Dataset extract |

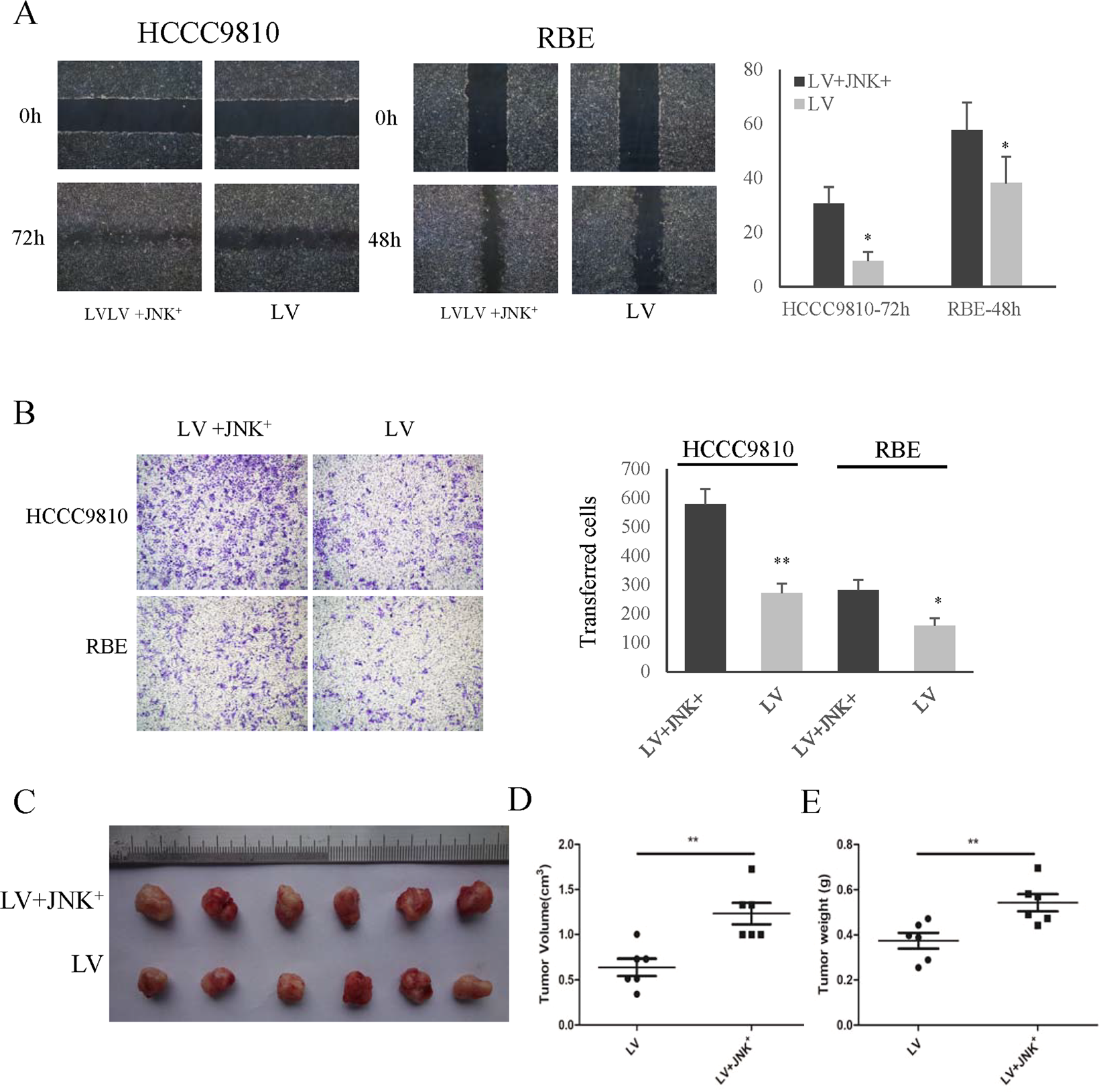 Fig. 6: BUB1B regulated invasiveness of CAA cells in a JNK-c-Jun-dependent manner.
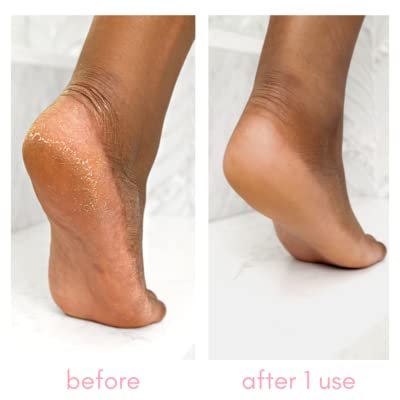[Australia] - Kiara Sky Heeling Callus Remover (Bottle) Bottle 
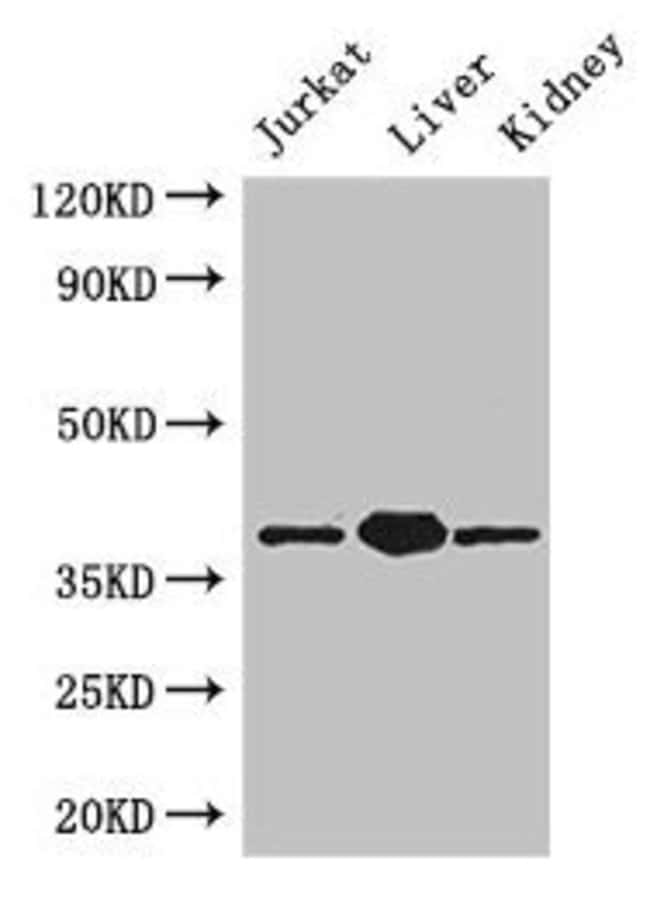 100UG PINX1 ANTIBODY 100 ug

Work to be completed | In transcribing the material above, reproduce each line exactly and include none of the pictures.

Result below |
 Fig. 6: BUB1B regulated invasiveness of CAA cells in a JNK-c-Jun-dependent manner.
[Australia] - Kiara Sky Heeling Callus Remover (Bottle) Bottle 
 100UG PINX1 ANTIBODY 100 ug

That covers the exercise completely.